YOUR INSTRUCTIONS. Copy the lines below that contain "Grey".

===== RECORD SET

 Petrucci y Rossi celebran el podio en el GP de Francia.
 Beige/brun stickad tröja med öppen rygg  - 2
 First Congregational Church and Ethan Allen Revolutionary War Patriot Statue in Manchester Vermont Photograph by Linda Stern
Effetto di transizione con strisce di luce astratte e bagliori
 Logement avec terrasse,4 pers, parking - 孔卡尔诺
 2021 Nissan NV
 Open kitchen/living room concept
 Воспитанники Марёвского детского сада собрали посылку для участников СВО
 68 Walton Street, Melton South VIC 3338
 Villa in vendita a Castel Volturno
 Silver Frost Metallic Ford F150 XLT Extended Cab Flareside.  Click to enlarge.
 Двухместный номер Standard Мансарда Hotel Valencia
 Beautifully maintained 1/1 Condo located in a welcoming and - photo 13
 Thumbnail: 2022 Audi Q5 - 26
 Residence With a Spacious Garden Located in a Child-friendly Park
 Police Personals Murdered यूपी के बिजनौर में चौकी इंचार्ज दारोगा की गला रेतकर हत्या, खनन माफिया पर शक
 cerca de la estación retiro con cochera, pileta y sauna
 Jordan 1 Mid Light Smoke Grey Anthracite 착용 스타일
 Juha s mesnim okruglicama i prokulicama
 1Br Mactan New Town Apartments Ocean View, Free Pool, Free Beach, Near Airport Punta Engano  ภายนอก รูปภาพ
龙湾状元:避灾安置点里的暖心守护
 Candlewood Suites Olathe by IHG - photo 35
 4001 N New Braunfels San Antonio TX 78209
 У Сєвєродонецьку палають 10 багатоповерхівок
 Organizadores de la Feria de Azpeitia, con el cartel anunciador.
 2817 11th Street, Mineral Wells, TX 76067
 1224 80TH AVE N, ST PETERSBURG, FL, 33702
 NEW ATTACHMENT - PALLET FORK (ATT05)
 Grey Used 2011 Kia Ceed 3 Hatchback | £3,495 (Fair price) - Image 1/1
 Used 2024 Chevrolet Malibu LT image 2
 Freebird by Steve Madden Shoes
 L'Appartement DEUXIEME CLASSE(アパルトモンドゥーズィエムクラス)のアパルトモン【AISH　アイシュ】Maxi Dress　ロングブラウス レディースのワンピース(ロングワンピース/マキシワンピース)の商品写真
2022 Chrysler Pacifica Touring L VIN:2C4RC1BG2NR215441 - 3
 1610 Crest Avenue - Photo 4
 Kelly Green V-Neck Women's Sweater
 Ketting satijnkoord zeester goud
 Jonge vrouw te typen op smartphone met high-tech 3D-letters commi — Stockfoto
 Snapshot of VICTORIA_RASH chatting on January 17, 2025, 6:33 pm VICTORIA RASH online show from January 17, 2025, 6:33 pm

==========

RESPONSE.
 Jordan 1 Mid Light Smoke Grey Anthracite 착용 스타일
 Grey Used 2011 Kia Ceed 3 Hatchback | £3,495 (Fair price) - Image 1/1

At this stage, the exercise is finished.